Oslo meeting - minutes
WP5 presentation
Deliverables
- It is necessary to resubmit D1.2.1 (ARC Service) because things have evolved since the last submission.
- D2.1: the final version is planned for M28. Same situation for the Cookbook. The communication deliverable will be more like a draft by the end of the year.
- D3.1.1 (blueprint): it is currently a draft, some elements have been delivered on github (part documentation, part code). Now final is planned for M28, but it will be a good thing to begin to deploy the services before M27.
- D1.5 (Guidelines and best practise): it is necessary to have a discussion around the document in order to move forward (during this hackathon and the next one). There is a possible overlap with other deliverables (especially the deliverable on architecture). It is intended to focus the guidelines on the experience and practise of integrating and reusing.
Budget
- The staff cost for Sweden is around 100%. A transfer from other parts of the budget is proposed.
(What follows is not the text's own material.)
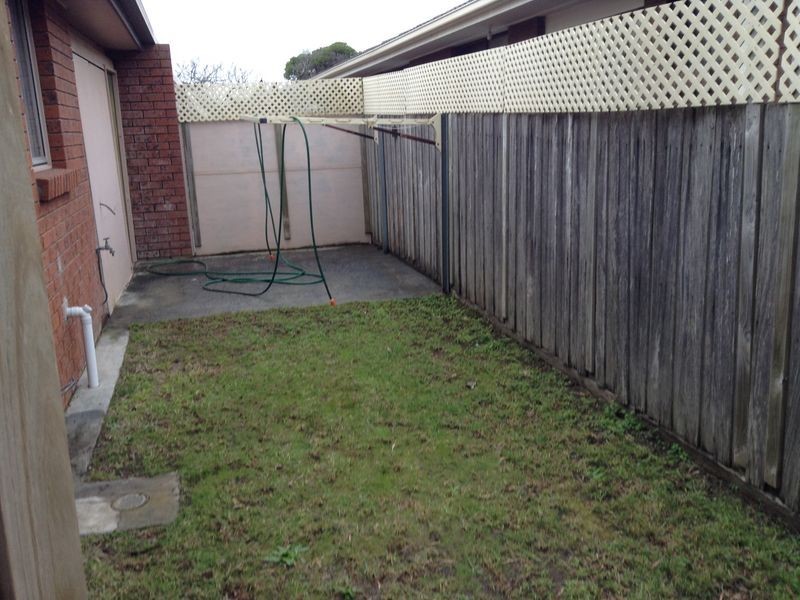 1/34 Dudley Parade, St Leonards VIC 3223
- Subcontracting: Insee (security audits for ARC, Relais and PXWeb ; for Relais and PXWeb it is necessary to tell Insee when the code is stable), Istat
(Relais is a little bit monolithic, the idea of the subcontracting is to break Relais in smaller pieces, then subcontracting is about Relais architecture. Not all the budget will be used), Norway (most of the money is still not used, plan to use it for the Google platform)
Communication actions
In the near future, there are 2 conferences:
- NTTS, the deadline for abstract is in november.
- ModernStat Workshop, the deadline for abstract is in september.
Other topics
Will the next hackathon be multi-located ? Yes, it is a possibility.
Lisbon workshop
The objective is to invite beyond the ESS, but there is the question of the budget. The UNECE was willing to help with the budget for inviting people if it is a CSPA event. It is necessary to check that this offer is always on the table. The ESSNet on its own doesn’t have the budget for inviting 50 people. We can plan to invite some influencers, the others will have to pay for their participation.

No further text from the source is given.